La Cour de justice de l’Union européenne, par un arrêt rendu le 9 juillet 2020, précise l’application des règles de compétence en matière délictuelle. Cette décision concerne l’interprétation de l’article 7, point 2, du règlement n° 1215/2012 relatif à la compétence judiciaire en matière civile et commerciale. Un constructeur automobile a installé un logiciel manipulant les données d’émission sur des moteurs produits dans un premier État membre. Des consommateurs ont acquis ces véhicules viciés auprès de tiers dans un second État membre avant la révélation publique de cette fraude. Une association agissant pour le compte des acheteurs a saisi le tribunal régional de Klagenfurt le 6 septembre 2018 contre la société productrice. La demanderesse sollicite l’indemnisation de la perte de valeur marchande des véhicules tandis que la défenderesse soulève une exception d’incompétence internationale. Le tribunal régional de Klagenfurt a sursis à statuer le 17 avril 2019 pour interroger la Cour sur la localisation du lieu de dommage. Le problème juridique porte sur la détermination de la compétence juridictionnelle lorsqu’un préjudice patrimonial découle de l’achat d’un bien défectueux à l’étranger. La Cour affirme que « le lieu de la matérialisation du dommage se situe » dans l’État membre où les véhicules ont été acquis.
I. L’IDENTIFICATION DU LIEU DE MATÉRIALISATION DU DOMMAGE INITIAL
A. La caractérisation d’un dommage matériel immédiat
La Cour distingue les préjudices purement financiers des dommages affectant un bien matériel pour fonder la compétence du lieu de situation de la chose. Elle précise que « le fait que la demande de dommages et intérêts soit exprimée en euros ne signifie pas pour autant qu’il s’agisse d’un préjudice purement patrimonial ». Le préjudice allégué consiste ici en une moins-value des véhicules résultant de la différence entre le prix payé et la valeur réelle des biens. Bien que les véhicules soient affectés d’un vice dès l’installation du logiciel, le dommage ne se réalise qu’au moment de la transaction financière. Les juges soulignent ainsi que « le dommage invoqué ne s’est matérialisé qu’au moment de l’achat desdits véhicules » par l’acquisition pour un prix excessif. Cette analyse écarte la qualification de dommage consécutif, lequel ne permettrait pas de déroger au principe du domicile du défendeur en matière civile.
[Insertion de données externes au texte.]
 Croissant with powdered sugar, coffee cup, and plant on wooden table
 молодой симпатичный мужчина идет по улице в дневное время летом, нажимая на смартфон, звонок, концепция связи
B. La localisation du préjudice au jour de l’acquisition
Le rattachement territorial s’opère au lieu où le patrimoine de l’acquéreur est effectivement atteint par l’entrée d’un actif vicié dans sa sphère juridique. La décision retient que « le lieu de la matérialisation du dommage se situe » dans l’État membre où le consommateur a réalisé son achat. Cette solution permet de fixer un critère de rattachement unique et identifiable, évitant ainsi la dispersion des litiges devant plusieurs juridictions nationales. L’évènement causal, situé au siège du constructeur, coexiste avec le lieu de survenance du dommage pour offrir au demandeur une option de compétence. Cette dualité de fors respecte la jurisprudence classique tout en l’adaptant aux spécificités techniques des produits industriels circulant librement sur le marché.
II. LA CONCILIATION ENTRE PRÉVISIBILITÉ JURIDIQUE ET PROXIMITÉ
A. La protection de la sécurité juridique du défendeur
L’interprétation retenue favorise la sécurité juridique en permettant au constructeur de prévoir raisonnablement les juridictions devant lesquelles il pourrait être attrait. En commercialisant sciemment des produits non conformes, l’entreprise « peut raisonnablement s’attendre à être attrait devant les juridictions » des États de commercialisation. Cette prévisibilité est essentielle pour garantir l’efficacité des règles de compétence spéciales et éviter les forums shopping abusifs au détriment des entreprises. La Cour protège ainsi l’équilibre entre les intérêts des victimes et la nécessité pour le défendeur de ne pas subir de procédures imprévisibles. Le lieu d’acquisition devient le point de contact légitime entre le fait dommageable initial et la victime finale subissant la perte de valeur.
B. L’objectif de bonne administration de la justice
La proximité géographique facilite la bonne administration de la justice en permettant au juge saisi d’apprécier les conditions locales du marché concerné. Les juridictions nationales du lieu de l’achat sont « susceptibles d’avoir le plus facilement accès aux moyens de preuve nécessaires » aux évaluations. Cette solution s’harmonise enfin avec le règlement Rome II, où le lieu du dommage correspond au pays affecté par l’acte de concurrence déloyale. La cohérence entre la compétence juridictionnelle et la loi applicable renforce la clarté du droit international privé pour les litiges de masse. En définitive, cette décision assure une protection efficace des consommateurs tout en maintenant une structure rigoureuse des fors spéciaux prévus par le règlement.